Dicen que, en el momento de expirar, una calma pacífica relajó sus músculos y de una de sus manos recién abiertas cayó al suelo un gastado pedazo de pergamino. Grabados había unos versos que no podían ser de Dante y cuya autoría alimentaría aún más los enigmas acumulados en los últimos años del poeta. Ni sus hijos reconocieron la escritura, que no podía haber surgido de su pluma. Sí que eran suyas, sin duda, otras palabras recogidas debajo de aquel galimatías. Unas breves e intensas líneas latinas, tan rotundas y sentidas que acabarían siendo su epitafio:
IURA MONARCHIAE, SUPEROS, PHLEGETHONTA LACUSQUE
LUSTRANDO CECINI, VOLUERUNT FATA QUOUSQUE:
SED QUIA PARS CESSIT MELIORIBUS HOSPITA CASTRIS,
AUCTOREMQUE SUUM PETIIT FELICIOR ASTRIS,
HIC CLAUDOR DANTES PATRIS EXTORRIS AB ORIS
QUEN GENUIT PARVI FLORENTIA MATER AMORIS.

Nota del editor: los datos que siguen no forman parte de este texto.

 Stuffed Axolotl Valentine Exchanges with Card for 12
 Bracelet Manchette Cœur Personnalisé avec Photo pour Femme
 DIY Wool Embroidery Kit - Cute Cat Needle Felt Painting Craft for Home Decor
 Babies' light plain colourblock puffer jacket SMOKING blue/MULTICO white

[He cantado los derechos de la monarquía, explorando los Cielos, el Flegetonte y los abismos del Infierno, hasta que quiso el Destino: pero ya que mi alma retornó hacia mejores hospedajes y más feliz ahora que se ha dirigido a su Hacedor entre las estrellas, aquí está encerrado Dante, desterrado de los límites de su patria, a quien engendró Florencia, la madre de amor tan escaso].